◆ **Task item**
Pictures in the entries below are excluded; copy only the lines from the one containing "Vidaxl Cama Boxspring" to the one containing "Happy cartoon koala", both included.

◆ **Recorded information**

################

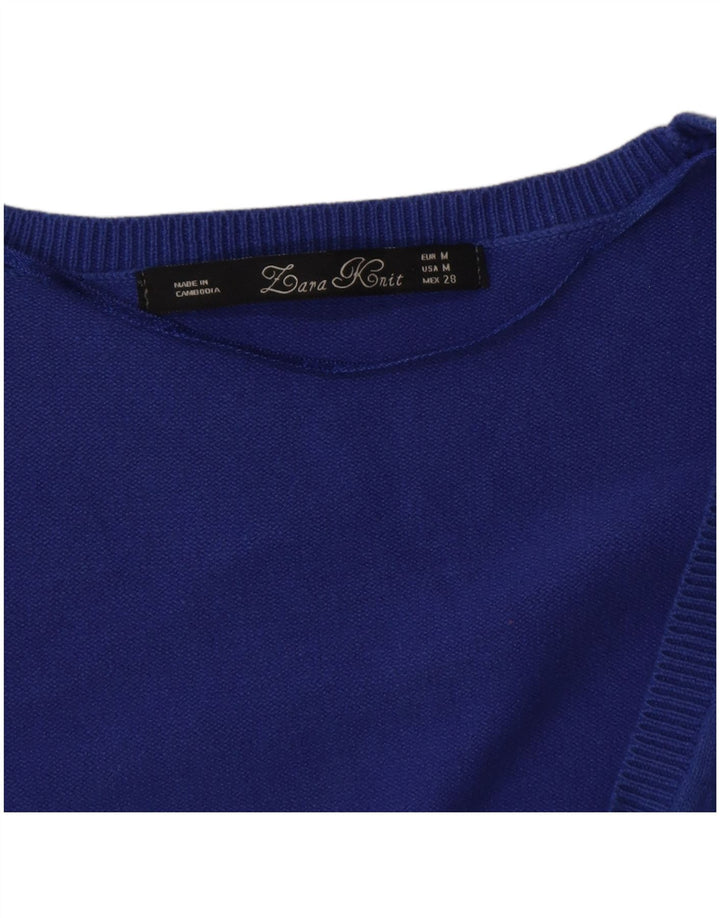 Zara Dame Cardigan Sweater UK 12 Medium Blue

################

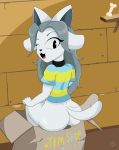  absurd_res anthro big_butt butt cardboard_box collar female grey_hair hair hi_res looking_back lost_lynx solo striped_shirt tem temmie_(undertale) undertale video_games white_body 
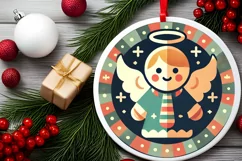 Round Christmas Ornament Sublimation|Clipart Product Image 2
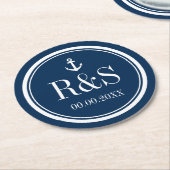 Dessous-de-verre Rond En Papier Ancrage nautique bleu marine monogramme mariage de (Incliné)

################

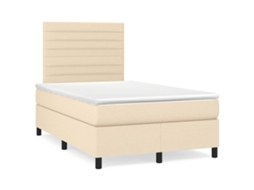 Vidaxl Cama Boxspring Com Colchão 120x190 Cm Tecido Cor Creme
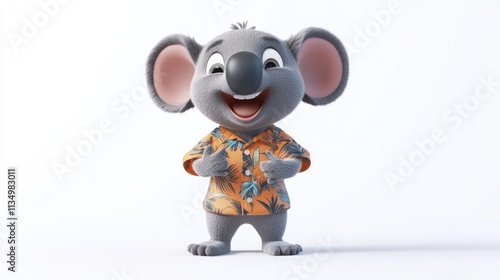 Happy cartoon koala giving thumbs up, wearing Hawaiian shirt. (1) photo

################

◆ **Output of the exercise**
 Vidaxl Cama Boxspring Com Colchão 120x190 Cm Tecido Cor Creme
 Happy cartoon koala giving thumbs up, wearing Hawaiian shirt. (1) photo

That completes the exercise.